■ WORK INSTRUCTIONS
Write out, with no changes, every line starting at the one that contains "Millenium Silver Metallic" and ending at the last line of the data below. Leave pictures out.

■ THE DATA
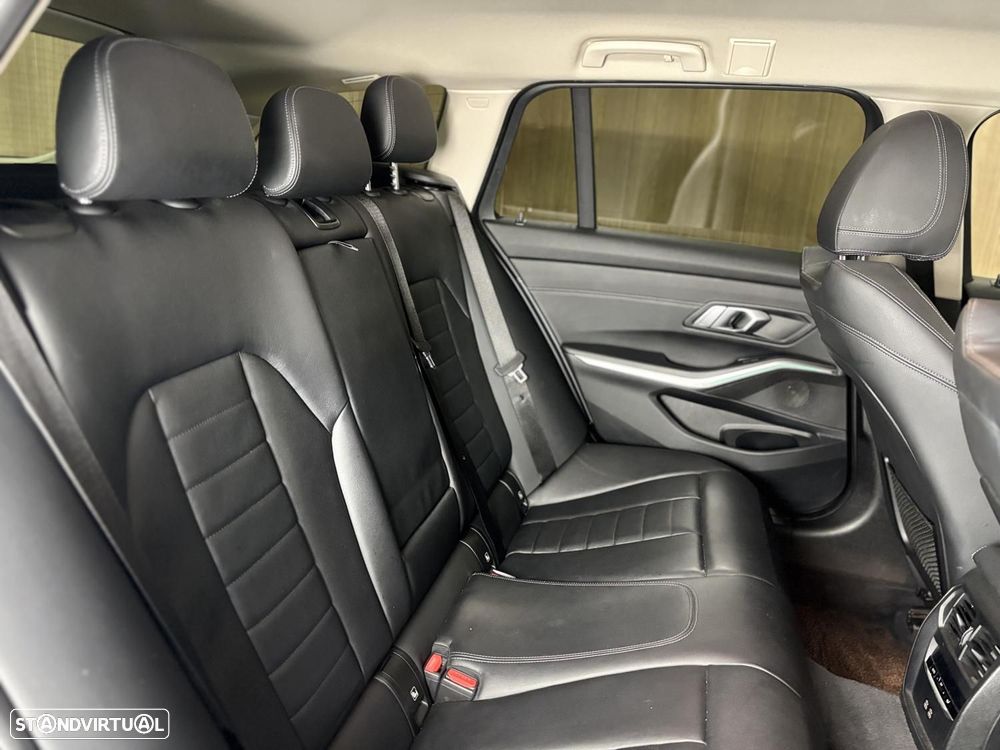 BMW 330 e Line Luxury Auto - 19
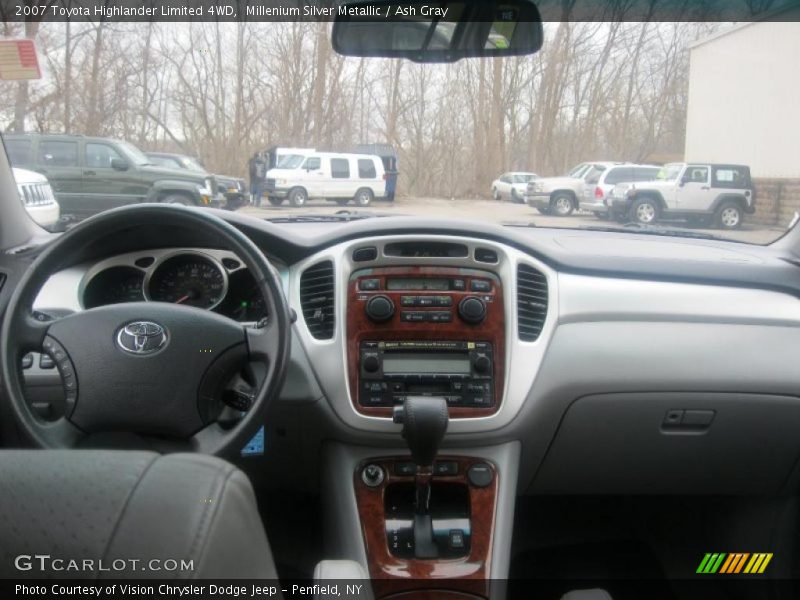 Millenium Silver Metallic / Ash Gray 2007 Toyota Highlander Limited 4WD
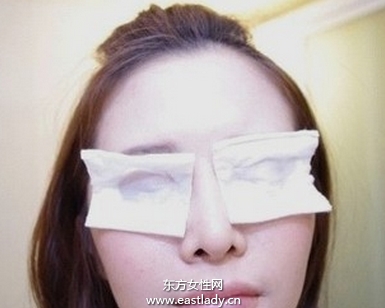 眼妆卸不干净小心长皱纹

■ ANSWER TO THIS TASK
 Millenium Silver Metallic / Ash Gray 2007 Toyota Highlander Limited 4WD
 眼妆卸不干净小心长皱纹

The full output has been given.